Coweta man sentenced on federal charges
A Coweta County man has been sentenced in U.S. District Court for the Northern District of Georgia for illegally obtaining federal contracts reserved for military veterans.
Arthur W. Singleton was sentenced to two years in prison for fraudulently obtaining several government construction contracts reserved for veterans with service-related disabilities, according to court officials.
“Driven by greed, Mr. Singleton took advantage of a service-disabled veteran of the Vietnam War to gain over a million of dollars in federal contracts,” said United States Attorney Sally Quillian Yates. “The defendant’s fraud deprived genuine disabled veteran-owned businesses of the chance to obtain these federal contracts.”
“The United States Department of Agriculture, Office of Inspector General, remains diligent in investigating matters such as these that defraud both the department and the taxpayer,” said Karen Citizen-Wilcox, Special Agent-in-Charge, USDA-OIG.
“Aggressive investigative efforts through effective partnerships among several law enforcement agencies were key in bringing this defendant to justice,” said Special Agent in Charge John F. Khin, Southeast Field Office, Defense Criminal Investigative Service. “This sentencing should serve as a deterrent to others who intend to take advantage of disabled military veterans and defraud the federal government.”
“These contracts are supposed to go to genuine service-disabled veteran-owned small businesses,” said Inspector General Peggy E. Gustafson of the Small Business Administration. “Federal contracts should never be awarded to persons who commit fraud to claim eligibility for contracts set-aside for our nation’s heroes. I want to thank the U.S. Attorney’s Office and our law enforcement partners for their commitment to seek justice on behalf of the American taxpayer.”
“The Department of Veterans Affairs Office of Inspector General vigorously investigates individuals who fraudulently obtain non-competitive contracts specifically set aside for veterans with service-connected disabilities,” stated Special Agent in Charge Quentin G. Aucoin.

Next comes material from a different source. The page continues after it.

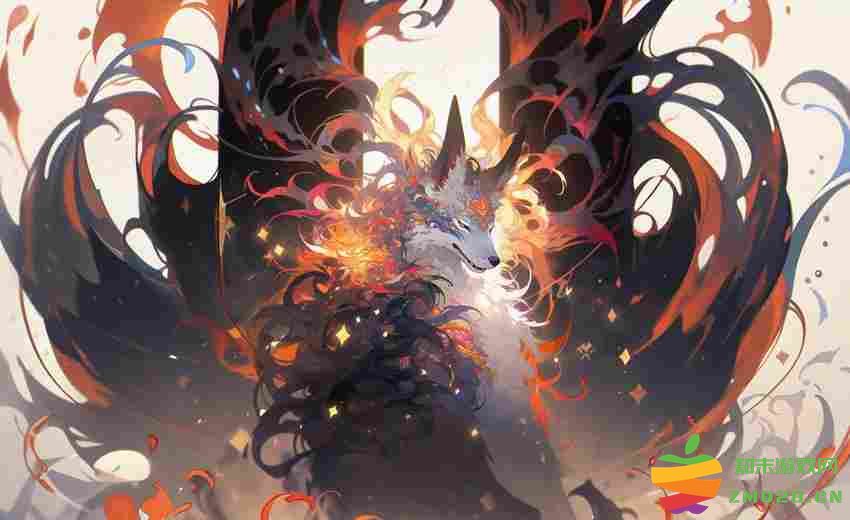 深入探讨阴阳师现世云游线索的触发条件与奖励机制详解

According to Yates, the charges and other information presented in court: Singleton owned a construction firm named “Singleton Enterprises” and had more than 30 years of experience in the construction industry. In 2007, Singleton approached a Vietnam veteran (who was bedridden from surgeries related to his combat injuries) and advocated creating a business that would exploit the veteran’s disabled status to obtain federal government contracts that were reserved exclusively for companies owned and run by service-disabled veterans. When the veteran agreed to the scheme, Singleton formed two companies using the veteran’s name.
From September 2007 to September 2008, Singleton entered into contracts with the Department of Veterans Affairs, the Department of Agriculture, the United States Coast Guard, and the United States Army Corps of Engineers to perform construction work around the country. Singleton used the veteran’s status to bid on these contracts, knowing that he was ineligible for the contracts – given that the veteran performed no work for either company, did not have an ownership stake, and did not control the management or daily operations of either business. In total, Singleton received more than $1.5 million dollars from the fraudulently-obtained contracts.
Singleton, 63, of Coweta County, Ga., was sentenced to two years in prison to be followed by two years of supervised release, and ordered to pay restitution in the amount of $181,000. On April 15, Singleton pleaded guilty to one count of making false documents.
This case was investigated by Special Agents of the Small Business Administration, Office of Inspector General - Investigations; the United States Department of Defense, Defense Criminal Investigative Service; the United States Department of Agriculture, Office of Inspector General; the United States Department of Veterans Affairs, Office of Inspector General; and the United States Department of Homeland Security, Office of the Inspector General.
Assistant United States Attorneys Jeffrey W. Davis, Glenn Baker, and Shanya Dingle prosecuted the case.